Lesson Tip: A common mistake is calling shoe size “continuous” because it looks like a number. But shoe sizes come in fixed increments (7, 7.5, 8, 8.5, …) — you cannot have a shoe size of 8.3. This makes it discrete. Always ask: “Could this value take any number in a range, or only specific separate values?”

Mastery Practice

See Answers ➔

Fluency
Classify each of the following variables as nominal, ordinal, discrete or continuous:
1. Number of pets owned by a family
2. Hair colour of students in a class
3. Daily maximum temperature (°C) in Brisbane
4. Student academic grade (A, B, C, D, E)
5. Shoe size (Australian sizing: 5, 5.5, 6, 6.5, …)
6. Height of players on a basketball team
7. Postcode of a suburb
8. Time taken (seconds) to run 100 m
Fluency
For each data type in Question 1 (parts a–h), state the most appropriate statistical display and give one reason for your choice.

Fluency

A frequency table shows the ages of guests at a party:

Age group	Frequency
10–14	3
15–19	7
20–24	12
25–29	8
30–34	4

How many guests attended the party in total?
Which age group was most common?
What percentage of guests were in the 20–24 age group? (Round to 1 decimal place.)

Fluency

A stem-and-leaf plot shows test scores for a class:

Stem	Leaf
3	2 5 8
4	1 4 4 7 9
5	0 3 6
6	2

Key: 3|2 = 32

What is the minimum score?
What is the maximum score?
How many values are in the dataset?
List all the values in the 40s.

Understanding
A survey asks 20 students to name their favourite sport.
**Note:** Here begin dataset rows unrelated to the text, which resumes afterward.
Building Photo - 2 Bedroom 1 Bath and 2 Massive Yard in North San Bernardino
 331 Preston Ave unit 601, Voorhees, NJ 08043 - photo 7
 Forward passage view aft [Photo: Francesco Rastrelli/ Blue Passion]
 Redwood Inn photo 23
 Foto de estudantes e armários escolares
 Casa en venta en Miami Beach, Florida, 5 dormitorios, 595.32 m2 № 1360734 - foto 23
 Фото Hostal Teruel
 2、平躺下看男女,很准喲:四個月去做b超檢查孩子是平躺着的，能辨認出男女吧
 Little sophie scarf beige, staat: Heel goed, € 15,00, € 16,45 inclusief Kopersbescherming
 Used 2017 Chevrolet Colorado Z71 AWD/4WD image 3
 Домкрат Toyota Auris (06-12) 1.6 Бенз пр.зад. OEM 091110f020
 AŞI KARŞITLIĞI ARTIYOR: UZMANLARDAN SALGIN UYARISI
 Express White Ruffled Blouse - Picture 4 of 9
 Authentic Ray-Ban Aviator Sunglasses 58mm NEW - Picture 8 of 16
Results: football ×7, basketball ×5, swimming ×4, tennis ×3, other ×1.
1. Classify this data type.
2. What is the most appropriate display for this data?
3. Construct a frequency table including a “Relative Frequency (%)” column.
4. Which display would not be suitable for this data? Explain why.
Understanding
Describe the shape of each distribution. Use terms such as symmetric, positively skewed, negatively skewed, bimodal or uniform.
1. A histogram where frequencies rise gradually to a peak in the middle class, then decrease symmetrically.
2. A stem-and-leaf plot where most values are in the upper stems (70s and 80s), with only a few in the lower stems.
3. A histogram with two separate peaks at opposite ends of the scale.
4. A dot plot with values spread evenly from 1 to 10, but one dot sitting far to the right at 25.
Understanding
A class of 25 students received the following scores on a test:

45, 52, 58, 62, 63, 65, 67, 68, 70, 71, 72, 72, 74, 75, 75, 76, 78, 80, 82, 84, 86, 88, 90, 92, 95
1. Group the data into class intervals 40–49, 50–59, 60–69, 70–79, 80–89, 90–99 and construct a frequency table.
2. Describe the shape of the distribution.
Understanding
Explain clearly:
1. Why a histogram is not an appropriate display for categorical data.
2. Why a bar chart is not appropriate for displaying continuous numerical data.
Problem Solving
A sample of 15 plants has the following heights (cm):

12, 13, 14, 14, 15, 16, 16, 17, 18, 18, 19, 20, 21, 22, 23

A second sample of 15 plants was grown under different conditions:

10, 11, 12, 13, 14, 15, 15, 16, 17, 17, 18, 19, 20, 21, 22
1. Construct a back-to-back stem-and-leaf plot comparing the two samples. Use tens as the stems.
2. Comment on the shape of each distribution.
3. Make two observations comparing the two groups (consider typical value and spread).
Problem Solving
Design a statistical investigation to answer the question: “Do students who exercise more frequently achieve higher academic results?”
1. Identify all the variables you would need to collect data on.
2. Classify each variable (nominal, ordinal, discrete or continuous).
3. Describe in detail how you would collect data. Include sample size and method.
4. State the most appropriate display for each variable.
5. Identify one potential source of bias in your investigation and explain how it could affect results.